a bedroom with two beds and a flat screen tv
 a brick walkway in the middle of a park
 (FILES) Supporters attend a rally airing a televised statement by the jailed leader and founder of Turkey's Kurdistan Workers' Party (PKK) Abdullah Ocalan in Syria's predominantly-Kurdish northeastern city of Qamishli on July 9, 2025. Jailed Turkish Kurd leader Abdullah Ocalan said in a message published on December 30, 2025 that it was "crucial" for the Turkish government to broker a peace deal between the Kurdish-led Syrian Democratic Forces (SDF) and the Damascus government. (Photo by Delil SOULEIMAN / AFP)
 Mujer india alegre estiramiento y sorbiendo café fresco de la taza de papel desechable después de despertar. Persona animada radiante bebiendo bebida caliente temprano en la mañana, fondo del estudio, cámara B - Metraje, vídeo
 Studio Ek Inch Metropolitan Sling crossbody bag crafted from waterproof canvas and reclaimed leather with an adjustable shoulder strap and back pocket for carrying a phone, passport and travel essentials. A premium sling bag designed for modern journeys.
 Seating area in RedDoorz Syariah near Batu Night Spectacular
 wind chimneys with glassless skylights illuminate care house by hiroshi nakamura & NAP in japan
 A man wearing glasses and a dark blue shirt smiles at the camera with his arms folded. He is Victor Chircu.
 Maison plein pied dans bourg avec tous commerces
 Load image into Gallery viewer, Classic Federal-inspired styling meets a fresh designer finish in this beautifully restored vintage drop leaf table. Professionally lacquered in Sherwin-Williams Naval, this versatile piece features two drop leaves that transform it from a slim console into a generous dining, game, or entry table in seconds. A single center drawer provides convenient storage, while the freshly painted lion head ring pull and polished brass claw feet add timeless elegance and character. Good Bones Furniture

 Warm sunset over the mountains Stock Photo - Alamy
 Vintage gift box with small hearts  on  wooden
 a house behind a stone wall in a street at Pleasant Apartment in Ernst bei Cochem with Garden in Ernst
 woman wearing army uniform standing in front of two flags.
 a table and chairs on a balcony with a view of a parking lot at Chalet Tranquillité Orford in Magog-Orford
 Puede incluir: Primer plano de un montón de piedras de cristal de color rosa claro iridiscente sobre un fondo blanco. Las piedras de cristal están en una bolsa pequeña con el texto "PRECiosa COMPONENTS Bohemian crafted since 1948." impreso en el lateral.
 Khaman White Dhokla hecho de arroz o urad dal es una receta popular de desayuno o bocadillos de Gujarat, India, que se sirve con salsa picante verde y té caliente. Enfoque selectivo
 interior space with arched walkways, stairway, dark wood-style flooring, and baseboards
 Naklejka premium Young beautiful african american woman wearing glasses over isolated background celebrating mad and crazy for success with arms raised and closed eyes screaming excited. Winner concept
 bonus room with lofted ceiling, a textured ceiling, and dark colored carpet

------------------------------------

*Work task*: Among the lines of the listing above, which ones contain the word "woman"? Show them.

*Response area*:
 woman wearing army uniform standing in front of two flags.
 Naklejka premium Young beautiful african american woman wearing glasses over isolated background celebrating mad and crazy for success with arms raised and closed eyes screaming excited. Winner concept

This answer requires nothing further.